Lee concorda sul fatto che il recente debutto di sua figlia da parte di Kim Jong Un sia stato meno una dichiarazione di un successore, e più un generale gongolare al mondo che la dinastica monarchia rossa di Kim è qui per restare. Ma pensa che le varie posizioni di responsabilità ufficiale di Kim Yo-jong dimostrino che lei è fondamentalmente un backup nel caso in cui suo fratello sia incapace. Per ora, sostiene, i fratelli Kim stanno giocando a “poliziotto cattivo, poliziotto peggiore”, con la sorella che assume quest’ultimo ruolo. Sul punto delle prospettive a lungo termine del loro governo, la prospettiva di Lee è cambiata. Mentre in un commento precedente aveva concesso al governo nordcoreano un altro decennio al massimo prima del suo inevitabile collasso, in La sorella suggerisce che Kim Yo-jong potrebbe essere potente “per decenni a venire”.

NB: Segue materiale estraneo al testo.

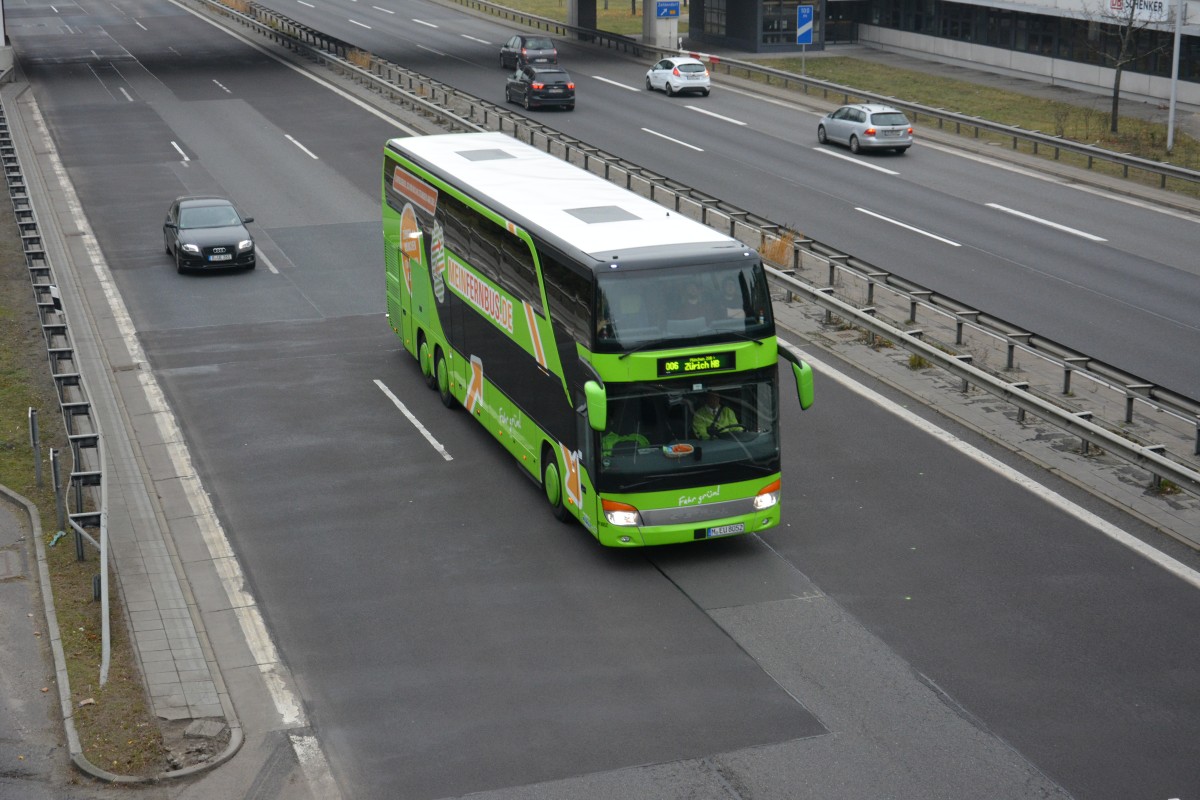 Am 15.11.2014 fährt M-EU 8052 auf der MeinFernBus Linie 6 nach Zürich. Aufgenommen wurde ein Setra 431 DT, A115 Dreilinden.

Entrambi i libri giocano sugli stereotipi sul ruolo storico delle donne nella Corea del Nord. Sottolineano il background patriarcale e confuciano della nazione e segnano la novità della nuova classe imprenditoriale dominata dalle donne. Questa enfasi sulla rarità delle donne in politica non differisce molto dalla maggior parte dei commenti su Kim Yo-jong. Nessuno si preoccuperebbe di negare che le donne sono politicamente sottorappresentate a tutti i livelli della società in Corea del Nord. Ma questo tema riciclato oscura il fatto che dagli anni ’40 agli anni ’80 c’erano in proporzione molte più donne al governo, ruoli politici di primo piano e leadership organizzativa nella Corea del Nord che negli Stati Uniti, nel Regno Unito, in Canada o in Australia. Oppressi lo sono certamente. Storicamente assenti dalla politica, le donne nordcoreane non lo sono.

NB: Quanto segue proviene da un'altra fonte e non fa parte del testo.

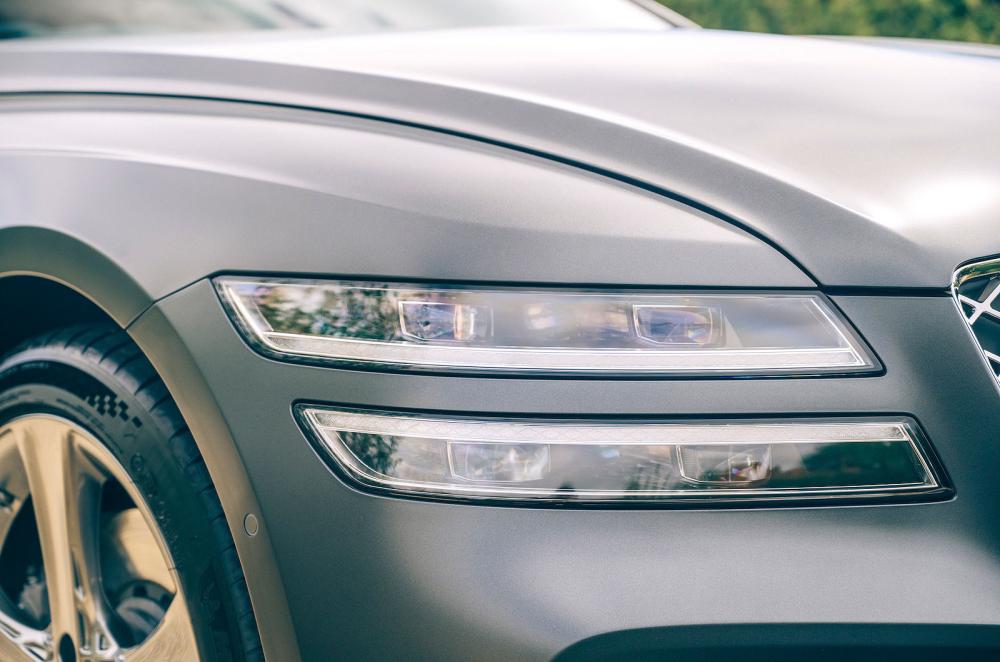 Genesis G80 headlights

Il popolo nordcoreano ha combattuto il colonialismo giapponese sotto una bandiera socialista, solo per essere etichettato come “inferiore ai barbari”, ucciso in massa dagli Stati Uniti e dai suoi alleati. Hanno costruito una nuova nazione dalle rovine, solo per vedere il loro miracolo cadere nelle mani di una spietata cricca autoritaria.

L’ossessione globale per un dramma fumettistico sulla successione di Kim serve a relegare in secondo piano la lotta dei comuni nordcoreani. La loro è una storia cupa e merita molta più attenzione dei giochi della “nobiltà rossa”.